This page documents the ActivitySim software design and how to contribute to the project.
The core software components of ActivitySim are described below. ActivitySim is implemented in Python, and makes heavy use of the vectorized backend C/C++ libraries in pandas and numpy in order to be quite performant. The core design principle of the system is vectorization of for loops, and this principle is woven into the system wherever reasonable. As a result, the Python portions of the software can be thought of as more of an orchestrator, data processor, etc. that integrates a series of C/C++ vectorized data table and matrix operations. The model system formulates each simulation as a series of vectorized table operations and the Python layer is responsible for setting up and providing expressions to operate on these large data tables.
In developing this software platform, we strive to adhere to a best practices approach to scientific computing, as summarized in this article.
An ActivitySim model is a sequence of model / data processing steps, commonly known as a data pipeline. A well defined data pipeline has the ability to resume jobs at a known point, which facilitates debugging of problems with data and/or calculations. It also allows for checkpointing model resources, such as the state of each person at a point in the model simulation. Checkpointing also allows for regression testing of results at specified points in overall model run.
Earlier versions of ActivitySim depended on ORCA, an orchestration/pipeline tool
that defines model steps, dynamic data sources, and connects them to processing functions. ORCA defined dynamic data tables
based on pandas DataFrames, columns based on pandas Series, and injectables (functions). Model steps
were executed as steps registered with the ORCA engine. Over time ActivitySim has extended ORCA’s functionality by
adding a Pipeline that runs a series of model steps, manages the state of the data
tables throughout the model run, allows for restarting at any model step, and integrates with the
random number generation procedures (see Random). As a result, ORCA is no longer a dependency of
the system.
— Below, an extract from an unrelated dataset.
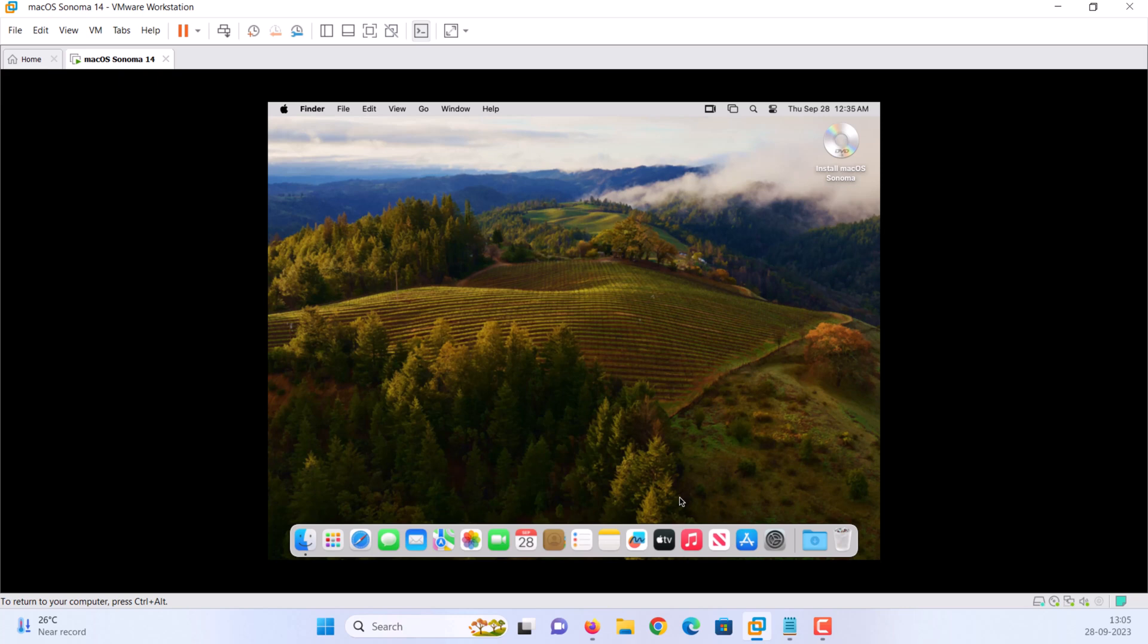This is how you can install and run macOS Sonoma on VMware workstation on a Windows 11 PC or laptop. The installation process was really easy. All you need to do is download the required files and make sure virtualization technology is enabled on BIOS. Hope this video helped you, please like and share this video, and subscribe to our channel for more videos. Thank you.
See
activitysim.core.inject for more information.
ActivitySim works with three open data formats, HDF5 , Open Matrix (OMX), and CSV . The HDF5 binary data container is used for the Pipeline data store. OMX, which is based on HDF5, is used for input and output matrices (skims and demand matrices). CSV files are used for various inputs and outputs as well.
Three key data structures in ActivitySim are:
pandas.DataFrame - A data table with rows and columns, similar to an R data frame, Excel worksheet, or database table
pandas.Series - a vector of data, a column in a DataFrame table or a 1D array
numpy.array - an N-dimensional array of items of the same type, and is often a network skim matrix or collection of skim matrices by time-period or mode for example
ActivitySim exposes all model expressions in CSV files. These model expression CSV files contain Python expressions, mainly pandas/numpy expression, and reference input data tables and network skim matrices. With this design, the Python code, which can be thought of as a generic expression engine, and the specific model calculations, such as the utilities, are separate. This helps to avoid modifying the actual Python code when making changes to the models, such as during model calibration. An example of model expressions is found in the example auto ownership model specification file - auto_ownership.csv. Refer to the Utility Expressions section for more detail.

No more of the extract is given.